(Supplied data Opens)

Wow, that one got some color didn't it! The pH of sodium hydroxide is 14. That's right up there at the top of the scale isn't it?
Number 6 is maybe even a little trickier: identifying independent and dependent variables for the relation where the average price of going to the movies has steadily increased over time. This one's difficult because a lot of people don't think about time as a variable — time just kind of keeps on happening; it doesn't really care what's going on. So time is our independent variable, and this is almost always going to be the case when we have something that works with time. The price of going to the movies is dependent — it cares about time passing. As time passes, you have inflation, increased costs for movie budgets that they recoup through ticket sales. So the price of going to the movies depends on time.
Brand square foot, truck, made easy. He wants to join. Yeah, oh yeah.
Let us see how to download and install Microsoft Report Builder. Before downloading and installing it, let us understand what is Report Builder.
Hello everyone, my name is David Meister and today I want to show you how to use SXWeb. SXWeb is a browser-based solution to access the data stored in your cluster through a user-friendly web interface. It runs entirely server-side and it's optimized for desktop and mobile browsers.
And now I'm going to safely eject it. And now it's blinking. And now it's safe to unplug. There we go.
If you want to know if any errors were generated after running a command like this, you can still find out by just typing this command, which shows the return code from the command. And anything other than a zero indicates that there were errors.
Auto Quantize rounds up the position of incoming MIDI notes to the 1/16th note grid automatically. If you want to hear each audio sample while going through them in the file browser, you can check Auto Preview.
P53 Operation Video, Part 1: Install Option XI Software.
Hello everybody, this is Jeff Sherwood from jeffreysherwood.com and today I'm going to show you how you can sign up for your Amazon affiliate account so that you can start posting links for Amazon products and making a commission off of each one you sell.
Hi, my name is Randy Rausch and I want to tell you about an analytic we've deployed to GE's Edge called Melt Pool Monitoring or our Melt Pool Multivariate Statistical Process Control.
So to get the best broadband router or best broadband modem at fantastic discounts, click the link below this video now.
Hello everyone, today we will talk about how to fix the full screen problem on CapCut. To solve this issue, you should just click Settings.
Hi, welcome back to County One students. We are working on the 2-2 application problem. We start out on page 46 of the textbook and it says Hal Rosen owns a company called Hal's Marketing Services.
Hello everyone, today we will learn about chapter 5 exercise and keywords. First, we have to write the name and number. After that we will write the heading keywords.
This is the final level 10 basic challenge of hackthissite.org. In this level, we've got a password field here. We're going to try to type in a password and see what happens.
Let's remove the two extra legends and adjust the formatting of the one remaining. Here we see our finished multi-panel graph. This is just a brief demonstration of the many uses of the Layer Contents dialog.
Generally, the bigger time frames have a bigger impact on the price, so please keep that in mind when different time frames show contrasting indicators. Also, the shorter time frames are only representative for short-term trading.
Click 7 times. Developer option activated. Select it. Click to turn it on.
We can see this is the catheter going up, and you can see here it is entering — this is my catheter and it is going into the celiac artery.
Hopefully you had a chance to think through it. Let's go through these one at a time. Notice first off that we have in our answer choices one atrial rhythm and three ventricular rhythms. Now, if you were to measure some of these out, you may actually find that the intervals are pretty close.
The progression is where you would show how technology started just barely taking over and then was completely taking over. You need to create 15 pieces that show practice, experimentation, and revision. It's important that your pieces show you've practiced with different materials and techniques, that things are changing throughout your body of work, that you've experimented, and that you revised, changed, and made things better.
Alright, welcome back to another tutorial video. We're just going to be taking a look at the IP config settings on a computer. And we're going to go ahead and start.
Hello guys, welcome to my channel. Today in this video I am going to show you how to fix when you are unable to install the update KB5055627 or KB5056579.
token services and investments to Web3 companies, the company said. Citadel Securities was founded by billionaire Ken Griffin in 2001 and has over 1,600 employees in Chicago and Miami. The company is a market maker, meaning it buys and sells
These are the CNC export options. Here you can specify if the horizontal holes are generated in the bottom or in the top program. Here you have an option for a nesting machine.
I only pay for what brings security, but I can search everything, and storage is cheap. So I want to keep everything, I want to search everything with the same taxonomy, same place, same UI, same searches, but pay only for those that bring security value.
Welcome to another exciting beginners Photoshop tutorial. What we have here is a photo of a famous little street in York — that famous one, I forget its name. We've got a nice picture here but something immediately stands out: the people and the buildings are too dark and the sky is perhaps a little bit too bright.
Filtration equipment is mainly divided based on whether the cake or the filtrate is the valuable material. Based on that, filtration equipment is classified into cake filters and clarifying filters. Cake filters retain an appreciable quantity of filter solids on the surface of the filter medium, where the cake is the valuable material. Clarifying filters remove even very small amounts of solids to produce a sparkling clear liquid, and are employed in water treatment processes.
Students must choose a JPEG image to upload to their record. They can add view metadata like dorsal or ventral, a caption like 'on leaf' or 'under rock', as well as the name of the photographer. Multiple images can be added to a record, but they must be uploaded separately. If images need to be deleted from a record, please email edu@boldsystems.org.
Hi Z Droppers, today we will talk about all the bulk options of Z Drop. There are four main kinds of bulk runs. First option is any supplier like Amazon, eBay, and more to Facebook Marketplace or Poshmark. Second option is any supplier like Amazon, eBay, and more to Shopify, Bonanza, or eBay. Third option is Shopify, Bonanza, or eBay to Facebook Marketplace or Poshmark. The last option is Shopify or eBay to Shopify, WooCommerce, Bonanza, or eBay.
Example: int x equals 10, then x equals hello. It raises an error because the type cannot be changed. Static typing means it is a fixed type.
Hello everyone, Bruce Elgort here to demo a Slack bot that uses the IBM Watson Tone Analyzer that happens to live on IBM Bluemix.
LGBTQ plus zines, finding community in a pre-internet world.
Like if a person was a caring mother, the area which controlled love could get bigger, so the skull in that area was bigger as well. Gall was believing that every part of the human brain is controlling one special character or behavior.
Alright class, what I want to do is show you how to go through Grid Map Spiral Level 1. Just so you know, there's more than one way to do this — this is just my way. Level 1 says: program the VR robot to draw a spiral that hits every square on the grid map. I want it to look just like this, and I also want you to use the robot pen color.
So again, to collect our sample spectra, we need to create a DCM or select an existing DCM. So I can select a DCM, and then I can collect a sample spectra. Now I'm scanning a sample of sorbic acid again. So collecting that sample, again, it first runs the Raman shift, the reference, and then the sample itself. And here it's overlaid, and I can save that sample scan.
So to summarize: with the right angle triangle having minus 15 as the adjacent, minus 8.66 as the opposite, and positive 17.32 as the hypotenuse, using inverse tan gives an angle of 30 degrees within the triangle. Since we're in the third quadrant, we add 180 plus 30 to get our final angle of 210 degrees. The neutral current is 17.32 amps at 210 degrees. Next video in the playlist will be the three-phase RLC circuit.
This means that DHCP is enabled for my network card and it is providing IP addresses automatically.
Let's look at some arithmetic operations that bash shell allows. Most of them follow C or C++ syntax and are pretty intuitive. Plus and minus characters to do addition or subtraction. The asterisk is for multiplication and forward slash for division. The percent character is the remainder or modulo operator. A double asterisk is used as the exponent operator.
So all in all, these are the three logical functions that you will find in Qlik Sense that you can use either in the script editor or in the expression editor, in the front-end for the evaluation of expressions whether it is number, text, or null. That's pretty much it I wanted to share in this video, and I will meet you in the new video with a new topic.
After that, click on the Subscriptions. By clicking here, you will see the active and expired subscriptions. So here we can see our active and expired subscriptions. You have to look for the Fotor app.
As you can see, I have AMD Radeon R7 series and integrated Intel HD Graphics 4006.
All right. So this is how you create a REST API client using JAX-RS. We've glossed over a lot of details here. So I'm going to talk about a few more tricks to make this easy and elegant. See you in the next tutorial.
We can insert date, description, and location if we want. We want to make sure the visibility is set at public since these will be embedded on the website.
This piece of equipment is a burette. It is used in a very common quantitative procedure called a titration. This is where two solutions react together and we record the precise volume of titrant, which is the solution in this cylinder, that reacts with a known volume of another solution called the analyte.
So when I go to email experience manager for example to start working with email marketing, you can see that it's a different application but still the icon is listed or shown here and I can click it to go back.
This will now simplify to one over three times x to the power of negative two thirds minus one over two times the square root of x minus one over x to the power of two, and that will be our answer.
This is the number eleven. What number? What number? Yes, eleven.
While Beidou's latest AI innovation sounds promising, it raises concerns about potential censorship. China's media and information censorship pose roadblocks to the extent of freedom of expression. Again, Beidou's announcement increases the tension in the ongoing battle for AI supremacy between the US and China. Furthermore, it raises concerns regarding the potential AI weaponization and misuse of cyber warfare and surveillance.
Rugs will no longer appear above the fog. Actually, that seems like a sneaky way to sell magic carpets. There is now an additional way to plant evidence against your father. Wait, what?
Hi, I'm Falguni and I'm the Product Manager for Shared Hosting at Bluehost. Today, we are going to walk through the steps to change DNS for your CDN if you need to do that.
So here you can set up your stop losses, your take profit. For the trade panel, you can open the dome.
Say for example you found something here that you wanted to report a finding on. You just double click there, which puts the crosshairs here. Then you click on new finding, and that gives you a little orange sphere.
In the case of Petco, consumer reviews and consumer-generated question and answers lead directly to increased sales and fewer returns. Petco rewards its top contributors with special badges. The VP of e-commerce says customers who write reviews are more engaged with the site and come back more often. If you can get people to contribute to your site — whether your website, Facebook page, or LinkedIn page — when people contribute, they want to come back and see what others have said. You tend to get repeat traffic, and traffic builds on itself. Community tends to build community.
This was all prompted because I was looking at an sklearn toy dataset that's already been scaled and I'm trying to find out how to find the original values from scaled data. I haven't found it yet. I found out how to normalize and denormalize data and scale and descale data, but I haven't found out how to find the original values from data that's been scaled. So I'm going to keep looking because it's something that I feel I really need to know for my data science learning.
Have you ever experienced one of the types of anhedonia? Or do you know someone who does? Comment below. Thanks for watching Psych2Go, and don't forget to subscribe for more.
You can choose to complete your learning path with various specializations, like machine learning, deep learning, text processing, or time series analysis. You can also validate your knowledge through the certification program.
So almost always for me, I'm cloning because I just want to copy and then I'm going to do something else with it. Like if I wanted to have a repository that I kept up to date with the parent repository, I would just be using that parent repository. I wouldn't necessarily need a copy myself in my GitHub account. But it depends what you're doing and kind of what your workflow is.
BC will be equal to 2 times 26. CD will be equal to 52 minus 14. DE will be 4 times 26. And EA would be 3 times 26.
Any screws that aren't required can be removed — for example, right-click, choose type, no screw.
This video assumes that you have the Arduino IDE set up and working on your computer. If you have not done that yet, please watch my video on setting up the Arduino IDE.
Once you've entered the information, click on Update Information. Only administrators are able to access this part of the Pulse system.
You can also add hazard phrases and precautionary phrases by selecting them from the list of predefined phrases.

(Supplied data Closes)

*Problem details*. Your answer should be the lines above, from the line containing "Let's remove the" up to and including the line containing "Click 7 times.", reproduced exactly and with nothing else.

*Response to the exercise*.
Let's remove the two extra legends and adjust the formatting of the one remaining. Here we see our finished multi-panel graph. This is just a brief demonstration of the many uses of the Layer Contents dialog.
Generally, the bigger time frames have a bigger impact on the price, so please keep that in mind when different time frames show contrasting indicators. Also, the shorter time frames are only representative for short-term trading.
Click 7 times. Developer option activated. Select it. Click to turn it on.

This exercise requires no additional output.